# The Ones and Zeros of Numpy as np

As with any good project nowadays, there eventually came a point when some machine learning based classification "needed" to come into play (this is more of a joke, as you should seek to use the right tool for the job).

There are a lot of different toolkits for working with datasets for the purpose of data mining, feature extraction and classification. Scikit learn is a Python package that was written by some interns over at Google. It is easily installed using `pip install -U scikit-learn`

.

Support Vector Classifier (SVC) is a common classifier that can be used for multiple classes. It is a part of the group of machine learning algorithms known as Support Vector Machines (SVM).

Lets say we wanted to classify a set of X, Y corrdinates into two groups; positive and negative numbers. We could use a SVC to train a dataset for prediction of future inputs.

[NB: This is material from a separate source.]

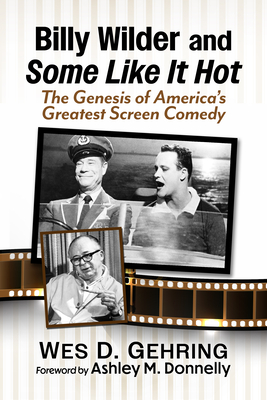 Coperta cărții 'Billy Wilder and Some Like It Hot: The Genesis of America's Greatest Screen Comedy - Wes D. Gehring'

- 0 will represent the group of positive coordinates
- 1 will represent the group of negative coordinates

```
import numpy as np
from sklearn import svm
# define positive and negative coordinates
positive = np.array([[1,1], [5,5], [2,3], [2,4]])
negative = np.array([[-1,-1], [-3,-4], [-5, -1], [-2,-2]])
```

Positive and negative pairs of coordinates have now been created. These represent the groups 0 and 1 respectively. We will use this information to train a classifier and then test some new coordinates to see how accurate it has been trained. Usually real datasets are much larger, but this is simple.

```
# generate X data for the classifer by combining the positive and negative numbers
X = np.vstack((positive, negative))
# generate y group labels for the data
y = [0,0,0,0,1,1,1,1]
# or using the ones and zeros of np!
# might not seem like much here, but on larger datasets, this helps a lot!
y = np.append(np.zeros(positive.shape[0]), np.ones(negative.shape[0]))
```

The classfier takes samples of both groups (`X`

), while an array of binary group labels(`y`

), 1 and 0, were created to classify the training data.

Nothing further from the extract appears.